- Work order: Leave out every picture and set down, exactly, the lines below from the one holding "We proceeded with" up to and including the one holding "And there are".

- Data extracts:
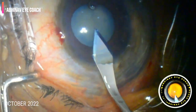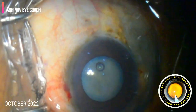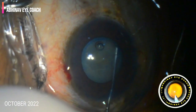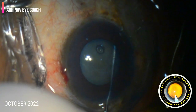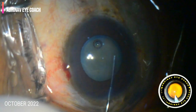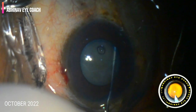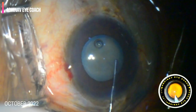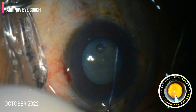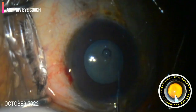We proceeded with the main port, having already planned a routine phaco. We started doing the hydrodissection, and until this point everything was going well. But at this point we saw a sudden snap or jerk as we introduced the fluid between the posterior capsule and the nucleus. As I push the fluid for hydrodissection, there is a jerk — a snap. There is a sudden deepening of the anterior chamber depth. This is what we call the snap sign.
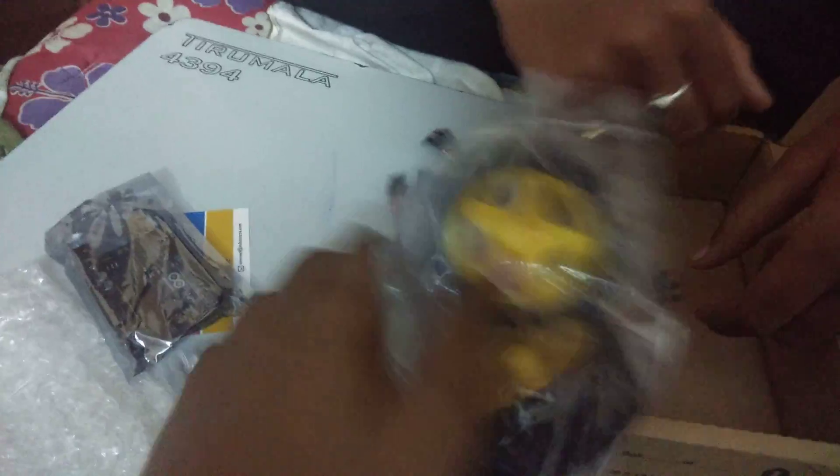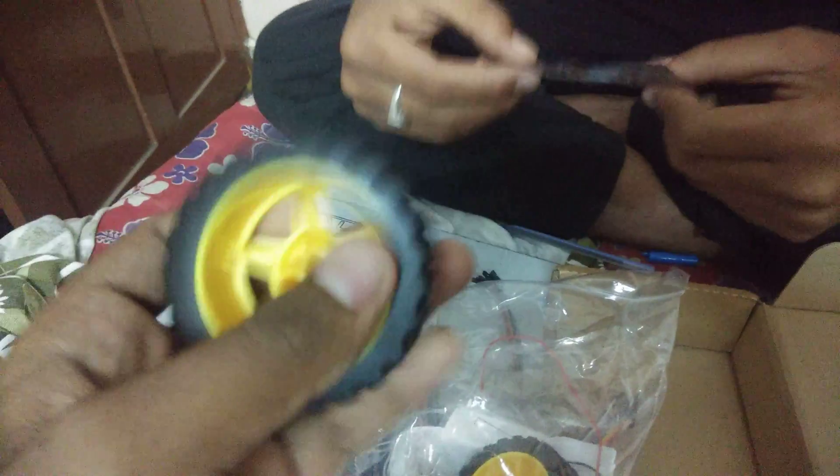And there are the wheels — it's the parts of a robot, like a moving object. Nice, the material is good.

...

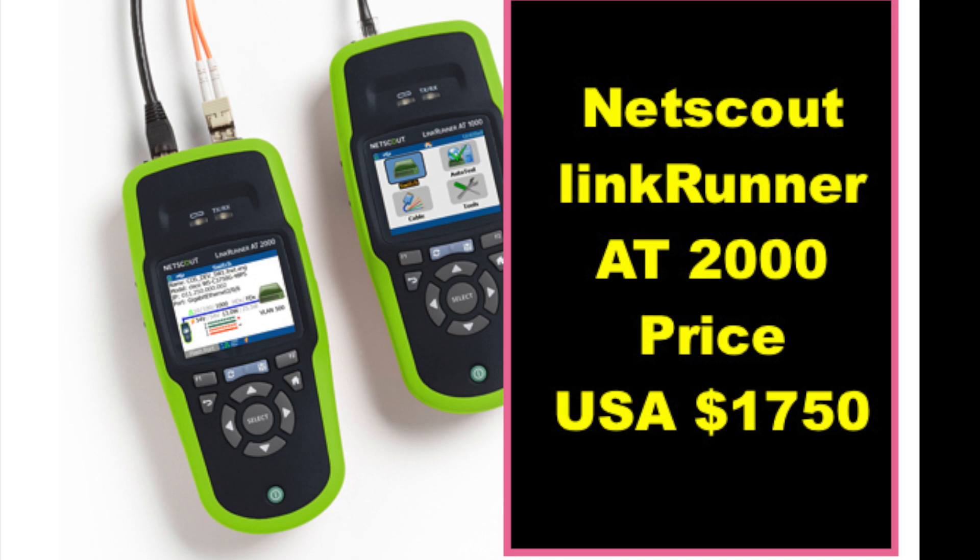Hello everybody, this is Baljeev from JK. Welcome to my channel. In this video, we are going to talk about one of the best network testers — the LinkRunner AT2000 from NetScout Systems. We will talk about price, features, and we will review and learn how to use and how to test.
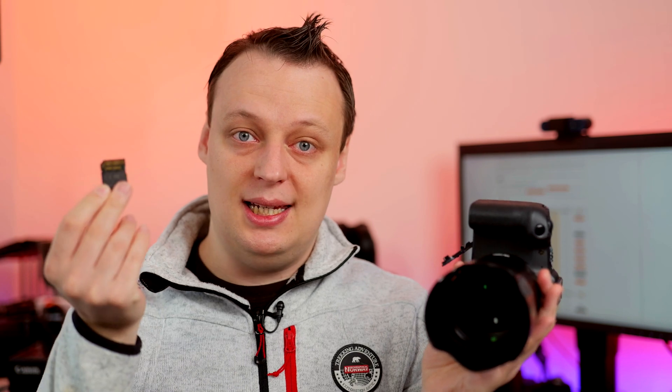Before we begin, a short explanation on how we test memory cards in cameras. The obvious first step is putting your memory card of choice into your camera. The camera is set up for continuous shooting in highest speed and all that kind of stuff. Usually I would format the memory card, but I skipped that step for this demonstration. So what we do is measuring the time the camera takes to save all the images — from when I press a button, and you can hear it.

- Answer to this task:
We proceeded with the main port, having already planned a routine phaco. We started doing the hydrodissection, and until this point everything was going well. But at this point we saw a sudden snap or jerk as we introduced the fluid between the posterior capsule and the nucleus. As I push the fluid for hydrodissection, there is a jerk — a snap. There is a sudden deepening of the anterior chamber depth. This is what we call the snap sign.
And there are the wheels — it's the parts of a robot, like a moving object. Nice, the material is good.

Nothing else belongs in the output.